User Review: Sawyer Mini Filter (SP128)
Source: bought it new
Price Paid: $25 plus taxes
Very small, versatile, robust and high flow water filter system. This filter system fits in the palm of your hand, weighs nothing and has is rated to 100,000 gallons.
- Small and lightweight
- High flow rate
- Easy to clean
- Great with bladder/hydration packs
- Pouch may develop leaks
- Will freeze up in cold weather unless protected
- No adaptor for Nalgene bottles
- No carry bag
I'm writing to express my enthusiasm for a new Sawyer SP128 water filter device that I tested while hiking in the Adirondack mountains this past weekend. I'm an avid mountain climber and my hikes will often consume 8-10 hours per day or take a full weekend with an overnight camp. As such, I always take great care to be prepared.
One of the elements I always carry is a water filter. I have numerous types of Katadyn and MSR filters, all of which work great, but each takes up a good chunk of space in my pack and each requires effort to pump 2 liters of water (which is the size of my hydration bladder). At times, after a lengthy hike, the effort to pump 2 liters can take quite a bit of energy.
On seeing the Sawyer SP128 system, I marveled at the size and the tech specs and wondered if it really could do the job that the packaging stated. As I use a 2 liter bladder, I could not see how it could work for me until the EMS store clerk pointed out that the SP128 screwed onto most bladder systems or could be retrofitted to any bladder system with the SP110 adapters. I quickly discovered that my "WLP" bladder system was not compatible but could do so with the SP110 adapters. I bought the SP128 and SP110 adapters.
I flushed the filter out as per manufacturers instructions and then set about testing the filter before my ADK hike. I filled the 16 ounce bag with tap water, attached the filter and then squeezed the water from the bag into my Nalgene bottle. I was quite surprised at the high flow rate that the filter allowed. I was able to squeeze the water out of the bag within 20 seconds. Not bad for 16 ounces and faster than my other filter systems.
I then attached the straw to the filter and then sucked the water from my Nalgene bottle. Again, the flow rate was quite acceptable. I then tested the black flushing mechanism - which was simply filling a syringe with water and then attaching it to the filter in reverse and then flushing.
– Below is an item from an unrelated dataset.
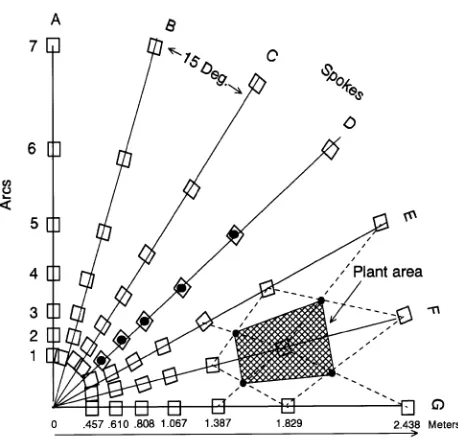 Table 1. Distance of each plant from the origin, distance from theprevious plant, and growing area per plant in each Nelder fan.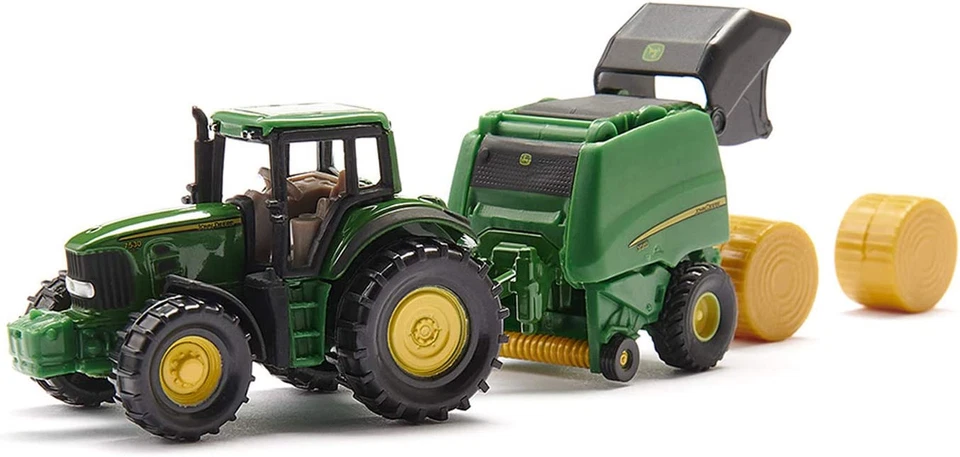 1665, Trattore John Deere Con Pressa per Balle Con 2 Balle Incluse, Metallo E Pl - Immagine 3 di 4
Again, simple. I could not tell whether this really worked - so I have to trust the manufacturers instructions for repeating the flushing two or three times with fast flushes.
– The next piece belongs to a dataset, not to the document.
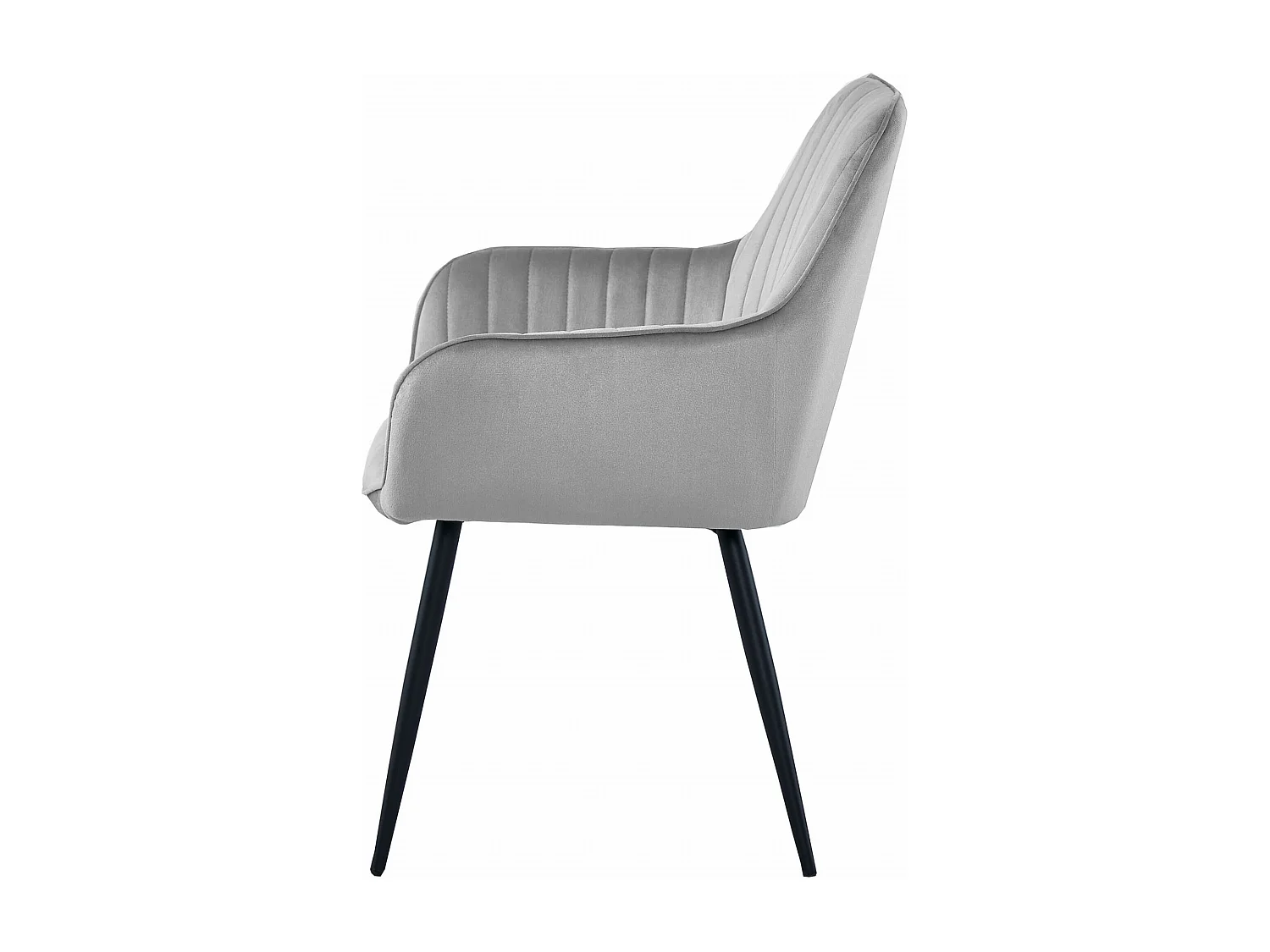 Chaises de salle à manger Valora SELO – Velours gris argenté avec pieds noirs x2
With trepidation I did the unthinkable and cut the hose on my hydration bladder and then pushed the SP110 adapters into the tube ends. This was quite hard and it told me that there was a good seal. I then screwed the SP128 filter onto the adapters, filled my bladder and tested by sucking through the tube. I was very pleased to find that it did not added any more effort to suck water from the bladder system, nor did I see any sign of water leakage from the adapters.
My ADK hiking trip this weekend targeted the "Lower Great Range" 27Km and 5 ADK peaks. This trip took 10 hours and we experienced snow and chilling high winds. Prior to our ascent to the peaks I filled the bladder from the stream at Lower Ausable Lake, knowing that I would drink lots of water as we climbed. I was now committed to using this new filter and I hoped that (1) The filter would do its job (for obvious reasons) (2) The adapters would not leak over the duration of my hike (didn't want wet clothes or food on this particular journey).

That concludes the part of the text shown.